MLBEDSW-2688: LUT DMA may require kernel wait

LUT related updates specific for 16K SHRAM:
- prevent LUT DMA transfer from overwriting accumulator SHRAM of an ongoing operation
- do not use the last 2K of SHRAM as accumulator during LUT operations

Change-Id: I17066e0410c6f07b125ed245002d7b19269a7a8a
Signed-off-by: Louis Verhaard <louis.verhaard@arm.com>
diff --git a/ethosu/vela/shared_buffer_allocation.py b/ethosu/vela/shared_buffer_allocation.py
index 053377c..fdcbe94 100644
--- a/ethosu/vela/shared_buffer_allocation.py
+++ b/ethosu/vela/shared_buffer_allocation.py
@@ -25,6 +25,8 @@
 from .errors import VelaError
 from .ethos_u55_regs.ethos_u55_regs import resampling_mode
 from .operation import NpuBlockType
+from .range_set import MemoryRangeSet
+from .tensor import MemArea
 
 
 class SharedBufferAllocation:
@@ -40,6 +42,7 @@
         dilation = (1, 1, 1, 1)
         self.kernel = Kernel(1, 1)
         is_elementwise = ps.npu_block_type == NpuBlockType.ElementWise
+        self.uses_lut = False
 
         if ps.primary_op:
             strides = ps.primary_op.attrs.get("strides", strides)
@@ -55,6 +58,7 @@
                 k_w = ps.primary_op.attrs.get("filter_width", 1)
 
             self.kernel = Kernel(k_w, k_h, strides[2], strides[1], dilation[2], dilation[1])
+            self.uses_lut = ps.primary_op.activation_lut is not None
 
         self.is_equal_depth_op = is_elementwise or ps.npu_block_type in (
             NpuBlockType.ConvolutionDepthWise,
@@ -102,7 +106,7 @@
 
         # Accumulator area is measured from the end of the buffer
         self.bank_locations[SharedBufferArea.Accumulators] = (
-            self.arch.shram_total_banks - self.banks_required[SharedBufferArea.Accumulators]
+            self.arch.available_shram_banks(self.uses_lut) - self.banks_required[SharedBufferArea.Accumulators]
         )
         ifm_end = self.bank_locations[SharedBufferArea.IFM] + self.banks_required[SharedBufferArea.IFM]

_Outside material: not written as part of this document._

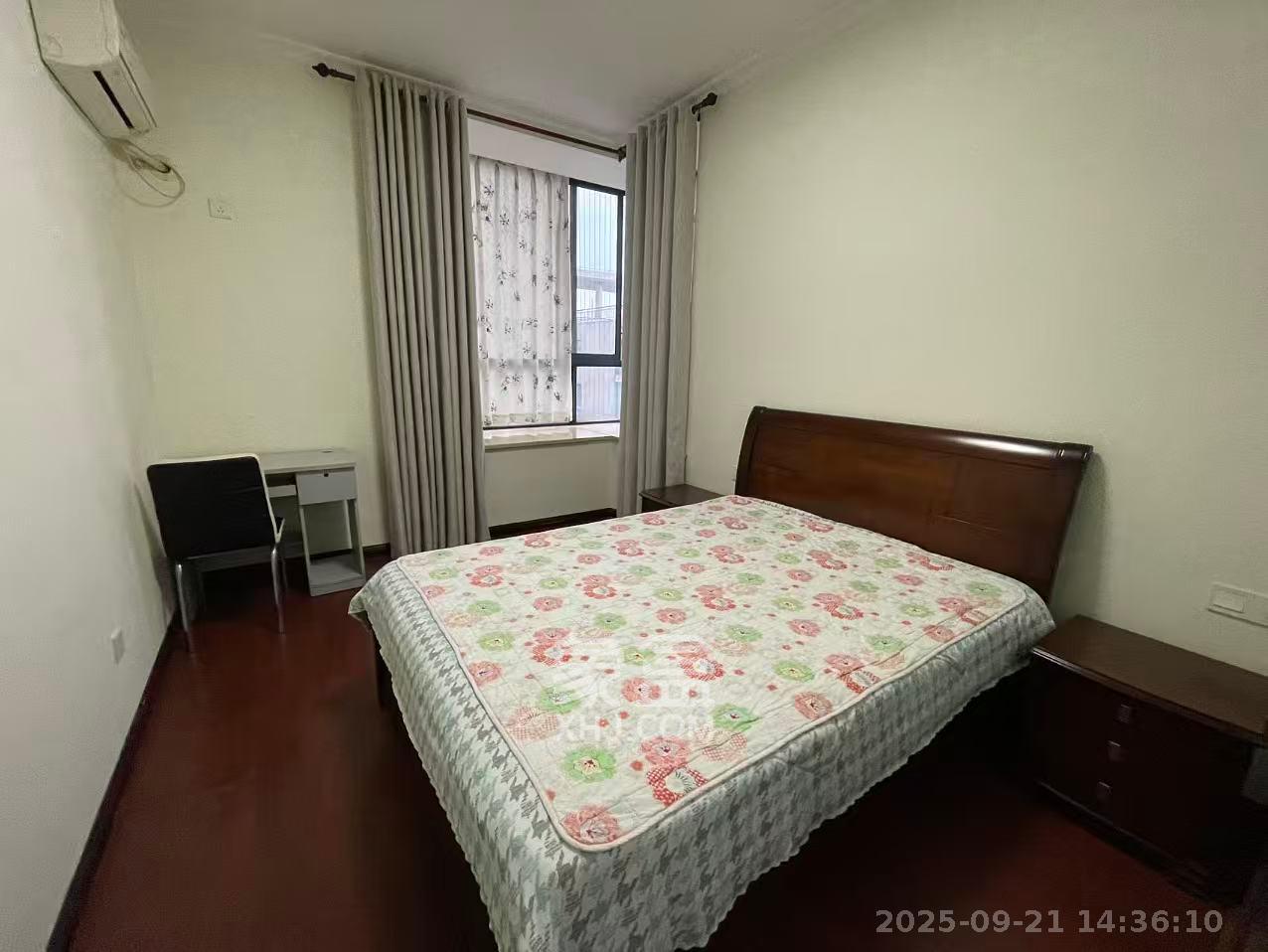 湘江世纪城星江苑  4室2厅2卫    3500.0元/月室内图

         return ifm_end <= self.bank_locations[SharedBufferArea.Accumulators]
@@ -156,6 +160,13 @@
 
         return True
 
+    def get_shram_memory_access_range(self):
+        # Returns the SHRAM memory access range used by this shared buffer,
+        # excluding access to LUT
+        return MemoryRangeSet(
+            MemArea.Shram, 0, self.arch.available_shram_banks(self.uses_lut) * self.arch.shram_bank_size
+        )
+
 
 def shared_buffer_allocation_for_pass_and_block_config(arch, ps, block_config):
     alloc = SharedBufferAllocation(arch, ps)